None of this though, despite the attention I’ve afforded it, bleeds into the comic unnecessarily, we only hear of Gaudi when Wayne’s on a tour and it’s sort of tossed-in there, and left up the reader to figure out or go and research. The subtle parallels between Barcelona and Gotham though are also fun because most of the comic’s taken up with the always fascinating issue of how differently Batman is treated in another city. For example, in a fight with Killer Croc, the police fire on him with the same degree of force as Killer Croc—both are weirdos are far as the Barcelona police departmen’s concerned.

This is a smarter way of highlighting Batman’s absurdity—out of his element, he’s seen as only an insane vigilante—that doesn’t go to Alan Moore (or now, Chris Nolan) extremes (has it struck anybody else as absurd that Alan Moore, who dresses like a medieval peasant and wears retarded-ass rings on all his fingers loves to make fun of “grown men in costumes”? Just saying…). Not that Waid’s use of “Batman out of his element” is brilliant or innovative, but it’s really well-done and cleverly spun.

That’s the thing about a character like Batman, reinventing him isn’t exactly hard, working with the well-worn clichés of the character and demeanor and flipping them is way harder.

Rather than finding one more new way to show how emotionally confused the Batman character makes Bruce Wayne, Waid returns to the conflicts that arise out of lying to his current beau, in this case an especially bright and awesomely aggressive women named Cristina Llanero.

Llanero alternately accuses Wayne of being a liar, a playboy, and a rich fuck-around and Wayne’s just kinda gotta take it because he is lying and from any conventional perspective, the assumption wouldn’t be “Well maybe he’s stalking around the city at night fighting crime and that’s why he sometimes forget to call.” That Llanero’s drained of any of the whiny girlfriend stuff that even smart Batman stories stumble into, makes this seen-it-before sub-drama work and a line like “What will the history books say about Bruce Wayne” actually stings instead of being uh, sorta cunty.

And visually, artist Diego Olmos similarly balances traditionalist approaches to the character with occasional, pitch-perfect changes. The art reminds me of the animation art for Batman: Gotham Knight (which along with the “Batgirl” story arc in Batman Confidential is the only good Batman thing in a long time)--lots of thick lines, minimal detail but a core, hard-to-explain kinetic energy, even in the down-time.

Especially notable is Olmos’ use of action panels with no dialogue or sound effects. It gives you time to take-in the panel or page-spread, but it also just sort if hits you viscerally, like you’re in the action sequence, because you don’t get pulled out of it by in-fight quips or extraneous sound effects.

Surely, partial credit for this should go to Waid, but it’s Olmos that pulls it off, because he doesn’t employ some basic comic book grammar but doesn’t let his page look bare or incomplete. This terse rejection of comic art expectations, this comfort with not always following the formula, results in some really invigorating art.

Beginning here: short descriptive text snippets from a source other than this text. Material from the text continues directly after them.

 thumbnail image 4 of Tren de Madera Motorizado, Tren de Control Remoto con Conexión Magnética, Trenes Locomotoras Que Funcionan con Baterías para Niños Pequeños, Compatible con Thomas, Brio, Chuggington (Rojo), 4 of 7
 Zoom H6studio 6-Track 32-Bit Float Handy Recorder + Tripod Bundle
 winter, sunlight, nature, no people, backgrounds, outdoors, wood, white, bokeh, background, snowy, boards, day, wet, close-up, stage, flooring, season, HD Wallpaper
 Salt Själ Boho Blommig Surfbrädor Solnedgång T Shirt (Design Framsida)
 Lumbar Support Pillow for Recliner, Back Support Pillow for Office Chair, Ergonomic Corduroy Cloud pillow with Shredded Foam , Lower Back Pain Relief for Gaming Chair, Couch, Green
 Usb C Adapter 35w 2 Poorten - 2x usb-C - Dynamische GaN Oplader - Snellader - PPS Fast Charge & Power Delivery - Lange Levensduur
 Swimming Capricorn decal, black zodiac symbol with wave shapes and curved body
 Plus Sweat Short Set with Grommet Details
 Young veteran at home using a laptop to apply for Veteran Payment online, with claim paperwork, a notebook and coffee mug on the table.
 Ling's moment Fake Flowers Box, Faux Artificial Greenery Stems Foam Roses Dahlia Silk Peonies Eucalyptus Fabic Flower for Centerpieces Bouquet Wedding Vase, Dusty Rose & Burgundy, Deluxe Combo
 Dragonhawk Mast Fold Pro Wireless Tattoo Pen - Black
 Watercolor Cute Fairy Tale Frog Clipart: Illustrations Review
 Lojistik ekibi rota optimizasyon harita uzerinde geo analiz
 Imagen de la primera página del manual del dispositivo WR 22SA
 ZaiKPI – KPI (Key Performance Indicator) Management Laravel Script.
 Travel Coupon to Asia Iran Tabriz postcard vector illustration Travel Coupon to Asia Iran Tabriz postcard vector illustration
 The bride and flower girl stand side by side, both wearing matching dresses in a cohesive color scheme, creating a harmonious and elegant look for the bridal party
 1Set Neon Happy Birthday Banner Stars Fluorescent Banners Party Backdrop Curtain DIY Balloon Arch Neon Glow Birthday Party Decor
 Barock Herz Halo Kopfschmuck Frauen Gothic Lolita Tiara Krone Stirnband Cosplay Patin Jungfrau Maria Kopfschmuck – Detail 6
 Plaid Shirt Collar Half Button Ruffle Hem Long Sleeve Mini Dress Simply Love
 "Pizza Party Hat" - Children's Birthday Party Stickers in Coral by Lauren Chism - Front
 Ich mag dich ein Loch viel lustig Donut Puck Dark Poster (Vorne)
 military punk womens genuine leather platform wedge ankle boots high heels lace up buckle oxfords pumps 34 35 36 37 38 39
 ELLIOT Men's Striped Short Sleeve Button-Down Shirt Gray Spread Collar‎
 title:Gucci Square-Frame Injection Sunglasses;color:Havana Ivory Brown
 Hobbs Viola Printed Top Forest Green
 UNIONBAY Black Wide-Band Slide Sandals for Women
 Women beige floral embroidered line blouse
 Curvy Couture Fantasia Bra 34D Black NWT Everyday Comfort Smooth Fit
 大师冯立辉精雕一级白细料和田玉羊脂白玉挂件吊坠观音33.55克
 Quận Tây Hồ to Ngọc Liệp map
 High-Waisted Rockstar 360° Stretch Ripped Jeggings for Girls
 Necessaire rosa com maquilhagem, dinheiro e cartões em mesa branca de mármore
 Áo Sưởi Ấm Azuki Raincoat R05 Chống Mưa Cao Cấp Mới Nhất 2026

There’s a panel where everyone’s running from Killer Croc and Olmos draws a screaming woman’s face a little too big and kinda distorted and it adds some inexplicable horror to the scene.

An image of Batman standing alone, oddly posed in a fighter’s stance, in full costume but missing his gloves (his hands wrapped in boxer’s tape), right before he’s about to fight Killer Croc—a strange moment of nervous calm before the fight begins.

It’s not ten steps removed from say, Tony Daniel’s work, but it’s got an alternative, lived-in, lumpy feeling that’s preferable to perfection or “grittiness” pretty much every time.

Contrary to popular belief, it's been a real bad year for the "Batman" franchise. Monetarily sure, The Dark Knight broke box office records but it's pop nihilism is well, the kind that breaks box office records and nothing more.

And the mess that is/was "R.I.P" and "Battle for the Cowl" too, undermines the core of the character without doing much else. As of late, Batman's been thoroughly deconstructed, a whole bunch of bets-hedging "This ain't your granddaddy's Batman!" type junk to really no end, and so, Batman in Barcelona, a back to basics, feels-like-a-classic-Legends of the Dark Knight story, from Mark Waid is refreshing in its traditionalism.

3/19/2009

DC Steps Its Game Up With Wednesday Comics

So, today DC Comics confirmed they are putting out a 12-part weekly series reminiscent of the one-page Sunday comics section. The comics will be over-sized and fold down into a traditional comics form. The most exciting news about this is that great creators like Mike Allred, Paul Pope, Joe Kubert, and Kyle Baker have been attached.

This seems like a great move for DC and the sort of thing they need to do more often. DC has always seemed like the Pepsi of the big two, always sort of aping their more daring competitor's style. They seem locked into a super crossover event war that Marvel has consistently won. The entire Marvel Universe seems meticulously planned with each book standing on its own but somehow still managing to compliment the others. DC's have the feeling of stand alones trying hard to lock into each other.

DC is at its best when it focuses on its characters, and it does this best when in an "Elseworlds" format. Their characters have always been more archetypal and suffered from the character drain that is continuity. Something like "Elseworlds" gives creators the chance to focus on what makes the characters essential and still relevant.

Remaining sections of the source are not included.